#### [SUPPLIED INFORMATION]
=== Section Start ===

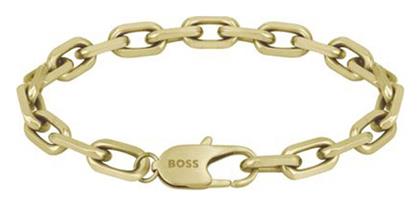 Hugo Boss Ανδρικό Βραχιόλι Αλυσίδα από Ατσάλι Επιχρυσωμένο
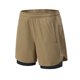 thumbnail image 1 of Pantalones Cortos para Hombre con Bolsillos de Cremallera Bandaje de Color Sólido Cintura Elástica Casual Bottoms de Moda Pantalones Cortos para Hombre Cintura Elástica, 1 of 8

=== Section End ===
=== Section Start ===

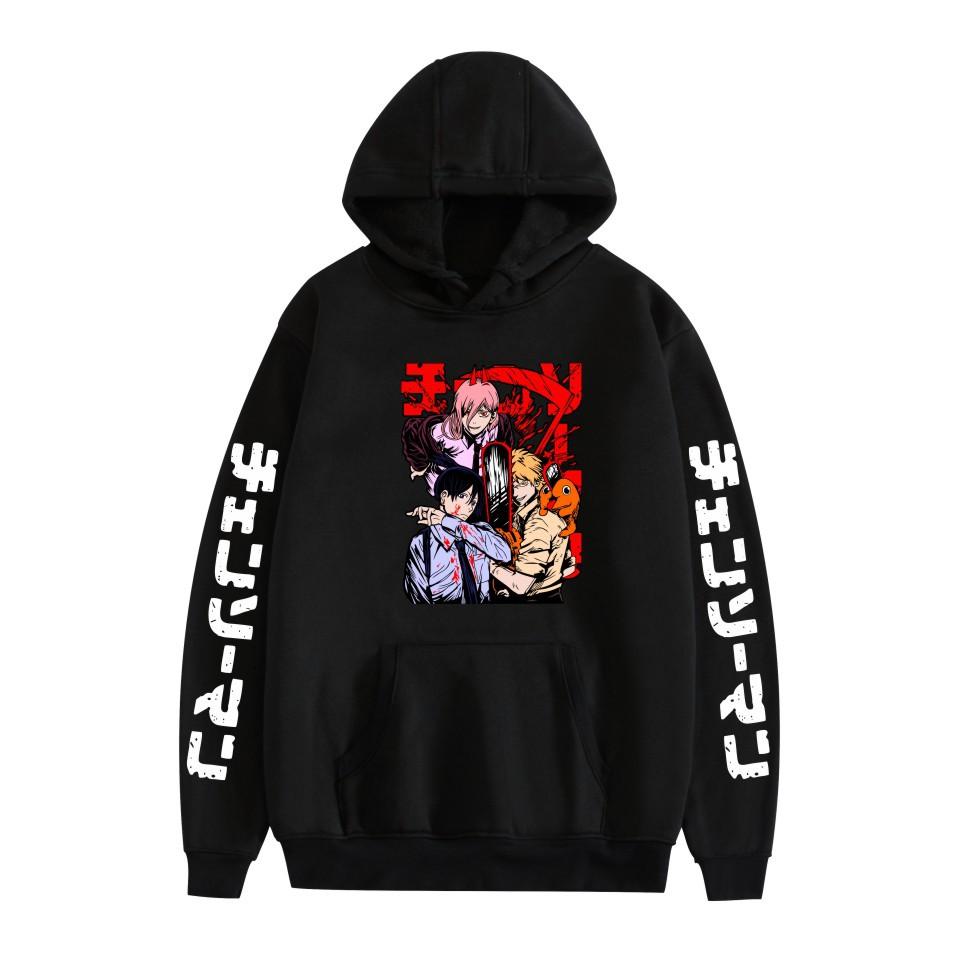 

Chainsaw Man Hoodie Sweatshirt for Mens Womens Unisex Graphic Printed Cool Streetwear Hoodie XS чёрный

=== Section End ===

From the material above, output only the span of lines that starts at the one containing "Hugo Boss Ανδρικό" and finishes at the one containing "thumbnail image 1", word for word and free of pictures.

#### [OUTPUT FOR THIS EXERCISE]
 Hugo Boss Ανδρικό Βραχιόλι Αλυσίδα από Ατσάλι Επιχρυσωμένο
 thumbnail image 1 of Pantalones Cortos para Hombre con Bolsillos de Cremallera Bandaje de Color Sólido Cintura Elástica Casual Bottoms de Moda Pantalones Cortos para Hombre Cintura Elástica, 1 of 8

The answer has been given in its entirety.